Moreover, query rewriting has also attracted the attention in the field of query answering over database constraints. Calì et al. [3, 5] have studied and presented several lightweight classes of tuple-generating dependencies as well as of the Entity-Relationship model [4, 6]. Moreover, in subsequent works Gottlob et al. [11] also presented a practical query rewriting algorithm for Linear-Datalog \(^\pm \) which is the one implemented in the Nyaya system. This algorithm is also based on the original DL-Lite algorithm but improves it with many optimisations, like atom factorization which is intended to reduce the number of redundant queries produced in the reduction step. Subsequently, a new algorithm that computes a non-recursive Datalog program for Linear-Datalog \(^\pm \) was also presented [24].

Finally, a slightly different approach than the previous ones, called combined rewriting, has been proposed by Lutz et al. [21] for the DL language \(\mathcal EL \) and by Kontchakov et al. [19] for the DL language DL-Lite\(^\mathcal{N }_{horn}\). This approach computes small rewritings, however, it also requires pre-processing of the database.

7 Conclusions

In the current paper, we studied the problem of computing a UCQ rewriting for queries that have been extended with new atoms, by extending a previously computed UCQ rewriting for them and avoiding the computation of a UCQ rewriting from scratch. We studied the problem theoretically and presented detailed algorithms. Our study also gave rise to a novel query rewriting algorithm that is based on the incremental processing of query atoms.

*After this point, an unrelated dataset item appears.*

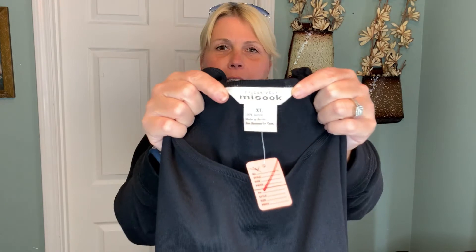Now we're going to get into the clothes. The very first thing is a brand I have not found before — Misook. It's the first time I've ever found it. It is a tank top — an acrylic tank, but it's kind of dressy. It has slits on the sides, it's all black, and it's in a really good size. It looks like I should be able to get right around $35 for this, which is a great price for a tank top.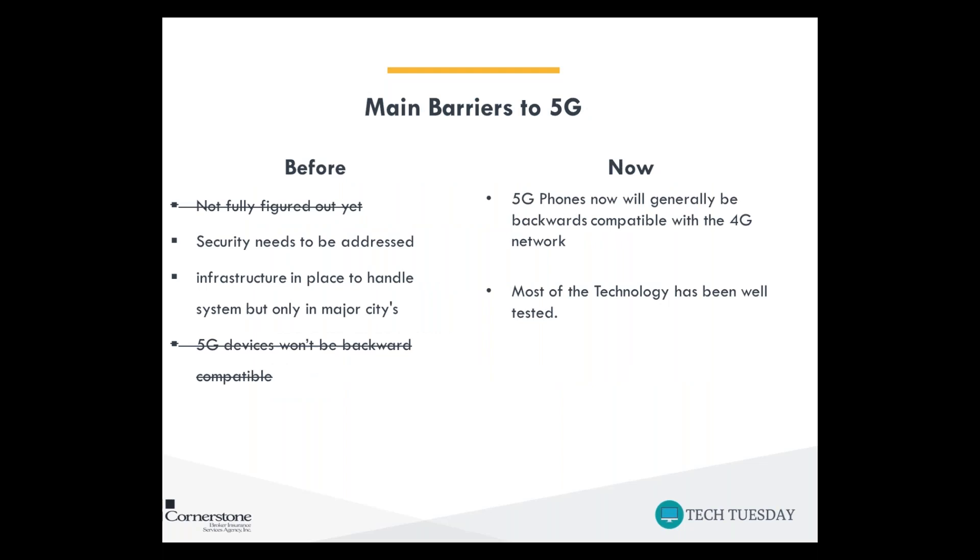There are a few main barriers to 5G implementation. Last year, security needed to be addressed, infrastructure needed to be put in place, it was only available in major cities, and 5G wasn't going to be backward compatible. Two of those issues have since been crossed off: the technology has been well tested, and 5G devices are definitely going to be backward compatible. Many 5G phones have technology to operate on both 5G and 4G, and carriers want to provide 4G and 3G speeds where 5G isn't available.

More precisely, given a fixed input query one can process one atom at a time and extend a previously computed rewriting until a UCQ for the input query has been computed. To improve its efficiency we have proposed several novel optimisations which greatly improve the computation time and reduce the number of computed redundant queries. Finally, we have implemented all algorithms and have conducted a detailed experimental evaluation. Our results show that the algorithm is highly efficient and generally outperforms all state-of-the-art systems that are currently available.

Apart from providing a novel efficient query rewriting system, our results have several important theoretical consequences and give many opportunities for future work. First, they show that rewriting over DL-Lite ontologies can largely be performed in parallel giving a complete efficient algorithm which, to the best of our knowledge, was previously unknown. This direction has not been explored in this paper and can be part of future work. Other directions of future work can be the investigation and design of such incremental algorithms for other lightweight languages, like Linear-Datalog\(^\pm \), or for more expressive languages, like \(\mathcal ELHI \). Furthermore, in the current paper, we have not studied other types of refinements for input queries, like the removal of atoms and the addition/removal of distinguished variables. Last but not least, another interesting problem that largely remains open in the area of query rewriting is how to efficiently evaluate the computed UCQ rewriting over a database. We feel that the incremental algorithm can provide some new opportunities in addressing this problem.